In Berlin around one third of the immigrant elementary school pupils go to schools in which most of their fellow pupils are of foreign origin, according to the study. Six out of every seven German schoolchildren, by contrast, attend schools with a majority of pupils of German origin. According to the study, this is only partly explained by the fact that more immigrant families live in certain districts than in others. It is also the choice of school by the parents that heightens the social divide. As, although in most German federal states, the school is allocated by the authorities, the parents can set it aside.
For the study SVR analysed data from 108 Berlin elementary schools and analysed the corresponding residential districts. Result: in one out of five the proportion of foreigners is twice as high as that of children in the district. In other words: more German children should be attending these schools. Conversely, the proportion of German children in 1 out of every 4 elementary schools is higher than it statistically should be. Parents often avoid schools with a high proportion of immigrants because they associate them with poor learning opportunities and problematic environments.

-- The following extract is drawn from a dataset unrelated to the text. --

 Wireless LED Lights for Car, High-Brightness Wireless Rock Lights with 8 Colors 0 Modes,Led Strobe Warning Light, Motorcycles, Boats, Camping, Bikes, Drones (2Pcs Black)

...It is not just in Berlin that the phenomenon exists, according to the study: the results are illustrative of the situation in large west German cities. The results can be applied to Austria at least partially. “In Austrian conurbations, the same pattern is found,” says the sociologist Kenan Güngör.
Of course, in Germany and Austria, most of these immigrant children will be from Muslim Turkish colonist families. I won’t translate all the politically correct waffle surrounding these basic facts, which the study contains and the article reflects. Suffice it to say that this phenomenon is considered a problem and the German and Austrian parents are blamed for creating it. The practice allegedly limits the learning opportunities of the colonist children because they are surrounded by other colonist children who do not speak German well. There is no attempt to examine the question of whether the presence of these colonist children who do not speak German well in any way impairs the education of the German and Austrian children who find themselves in the same schools. No consideration is given to the question of whether the parents’ fears are well-founded; instead, they are simply attributed to ignorance.
There is, of course, no discussion of the persecution which European children are now routinely subjected to by colonist children at school.